= AIM OF THE TASK =
Only the lines from the one containing "Semporna 4H3M β Chalet Atas Laut" through the last line below belong in your copy; transcribe them exactly and omit any pictures.
----
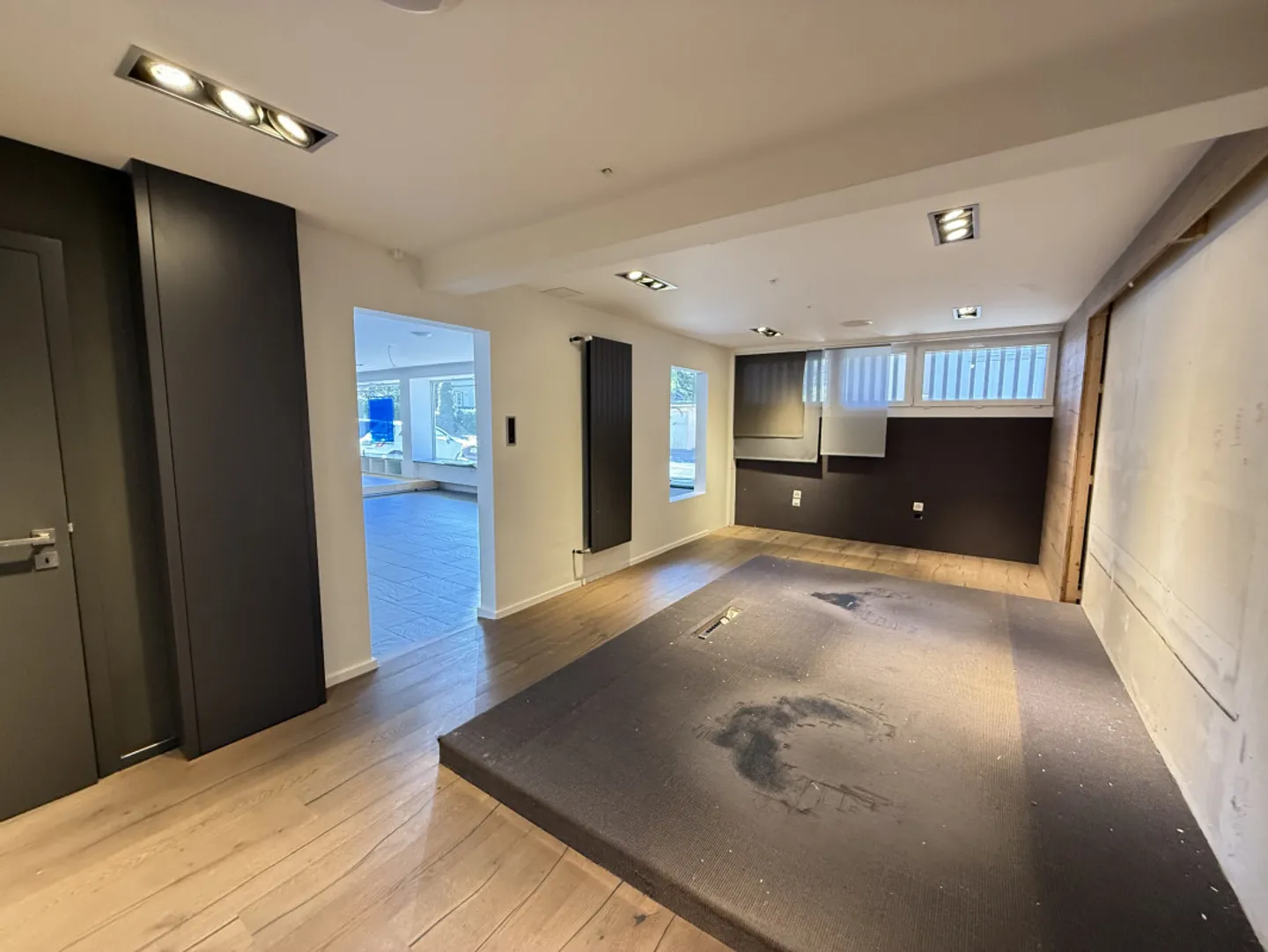 Surface commerciale d'env. 143m2 avec parking - Rte de Vevey 29, 1009 Pully - Photo 5 sur 8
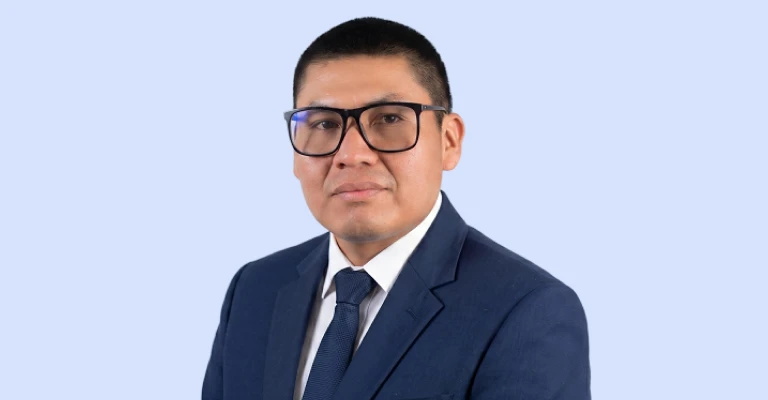 Dr. Pedro Alfonso Velásquez Tapullima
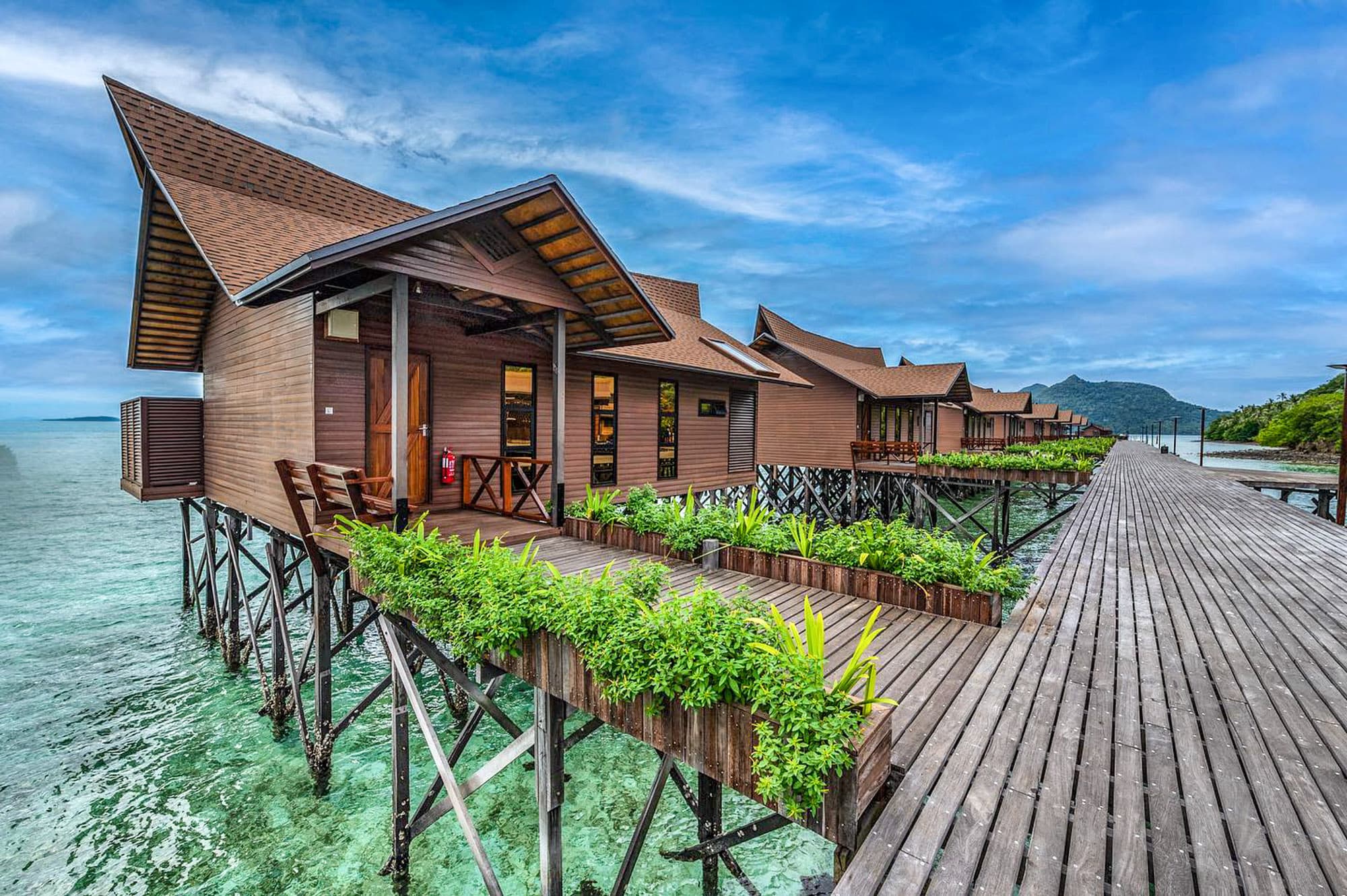Semporna 4H3M β Chalet Atas Laut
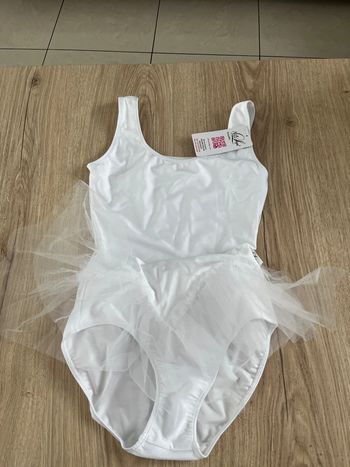 Justaucorps danse Actilign couleur blanc taille S enfant neuf avec étiquette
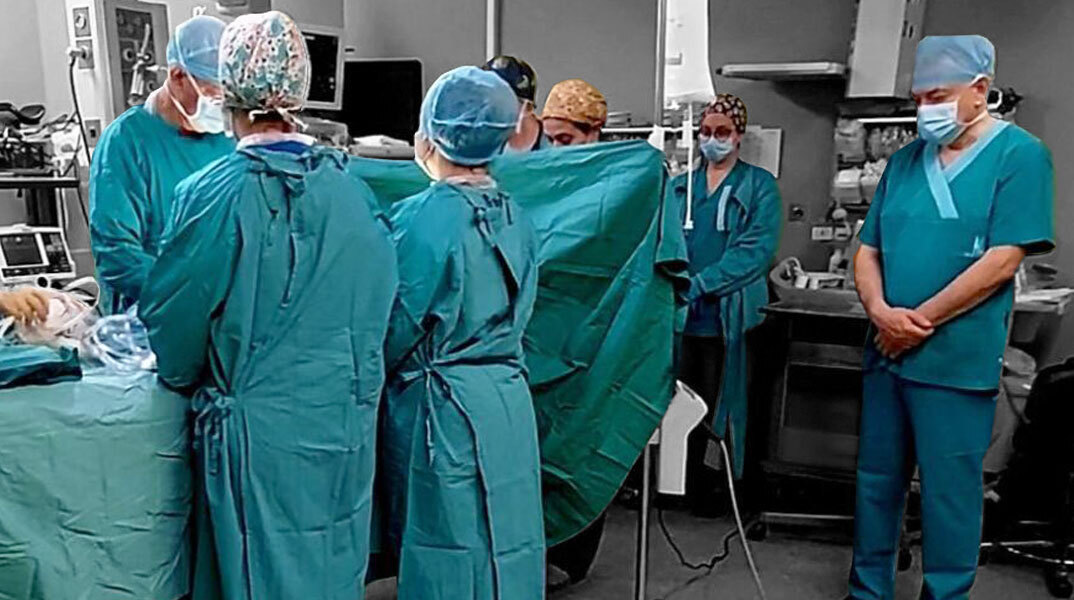 Οι γιατροί τήρησαν ενός λεπτού σιγή κατά τη διάρκεια της διαδικασίας αφαίρεσης των οργάνων του μικρού Άγγελου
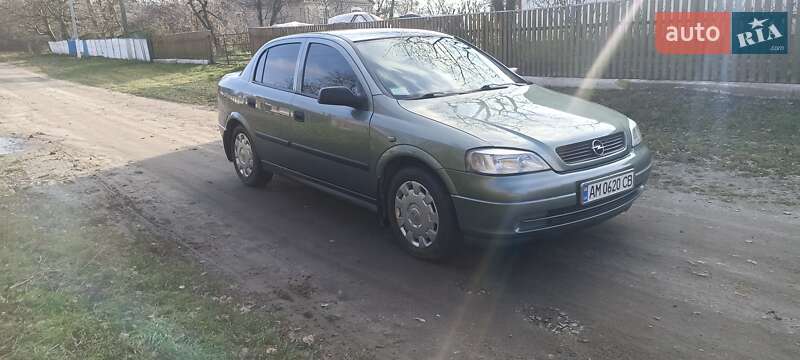 Седан Opel Astra 2008 в Житомирі
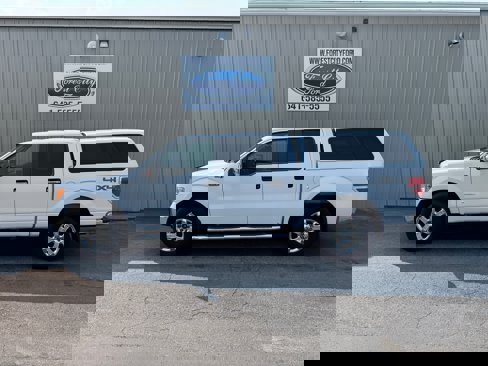Used 2014 Ford F150 XLT w/ Equipment Group 302A Luxury image 1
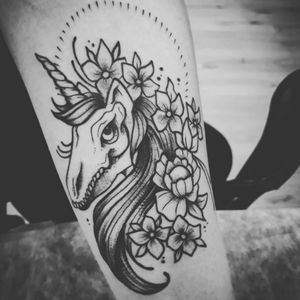 Skullnicorn....By @gabhu_tattoo #artes #arte #artist #artwork #brazilianartist #brazilianart #braziliantattoo #boldlines #cavalo #designtattoo #dessin #dibujo #freshtattoo #flores #flowers #horse #ink #inklove #inkaddict #instalike #instattoo #tattoos #tattooed #tatuadoresbrasileiros #kauaistudio #gabhuferreira 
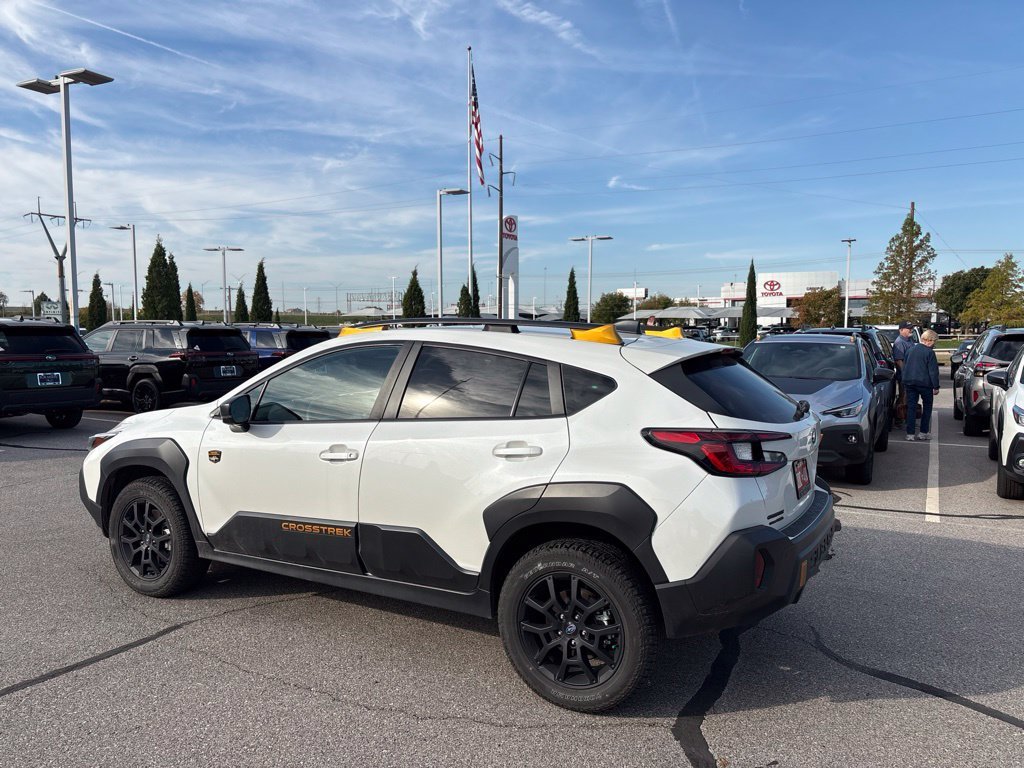 Used 2025 White Subaru Wilderness image 5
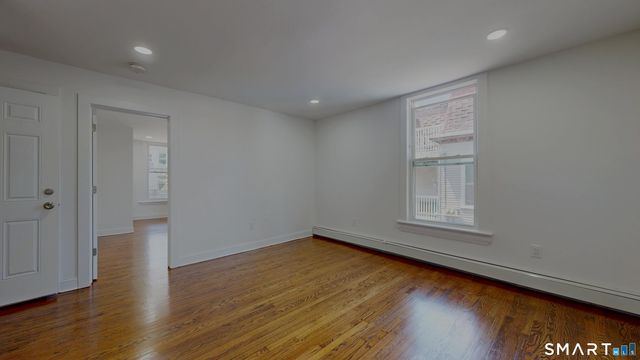 24 Bond Street, Hartford, CT 06114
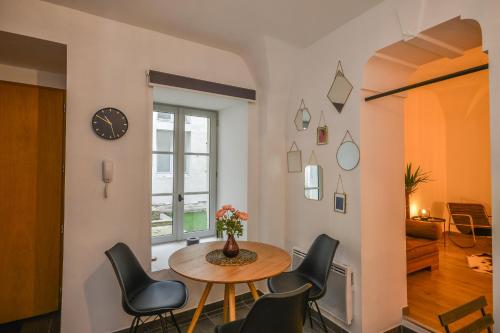 - une salle à manger avec une table et des chaises dans l'établissement COSY APPARTEMENT EN PLEIN CENTRE-VILLE !!!, à Avignon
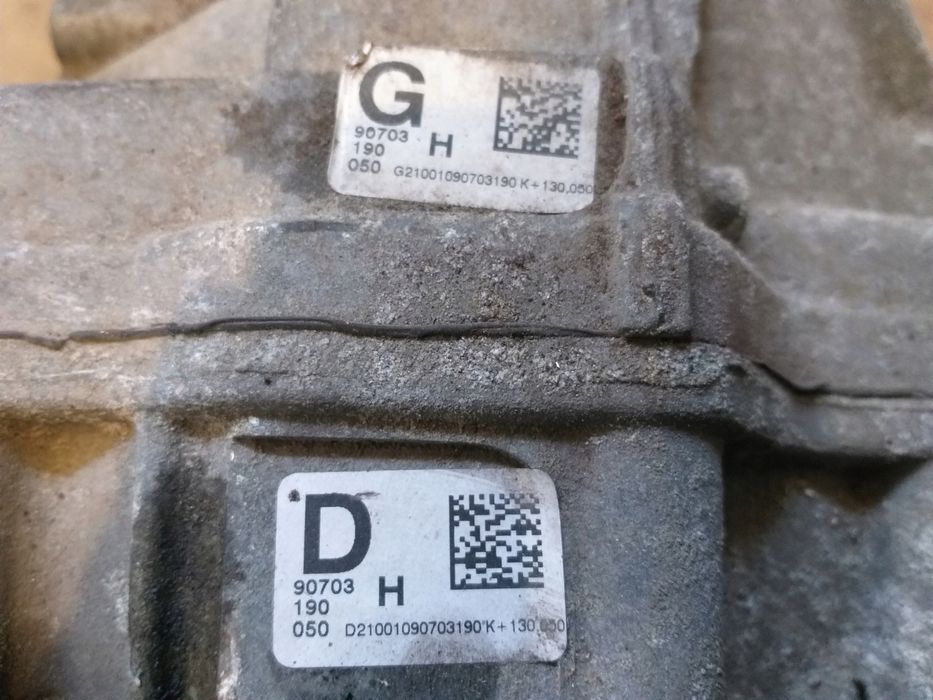 Most przód Cayenne 4.5 Turbo 0AA409508B Jte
----
= ANSWER SPACE =
Semporna 4H3M β Chalet Atas Laut
 Justaucorps danse Actilign couleur blanc taille S enfant neuf avec étiquette
 Οι γιατροί τήρησαν ενός λεπτού σιγή κατά τη διάρκεια της διαδικασίας αφαίρεσης των οργάνων του μικρού Άγγελου
 Седан Opel Astra 2008 в Житомирі
Used 2014 Ford F150 XLT w/ Equipment Group 302A Luxury image 1
 Skullnicorn....By @gabhu_tattoo #artes #arte #artist #artwork #brazilianartist #brazilianart #braziliantattoo #boldlines #cavalo #designtattoo #dessin #dibujo #freshtattoo #flores #flowers #horse #ink #inklove #inkaddict #instalike #instattoo #tattoos #tattooed #tatuadoresbrasileiros #kauaistudio #gabhuferreira 
 Used 2025 White Subaru Wilderness image 5
 24 Bond Street, Hartford, CT 06114
 - une salle à manger avec une table et des chaises dans l'établissement COSY APPARTEMENT EN PLEIN CENTRE-VILLE !!!, à Avignon
 Most przód Cayenne 4.5 Turbo 0AA409508B Jte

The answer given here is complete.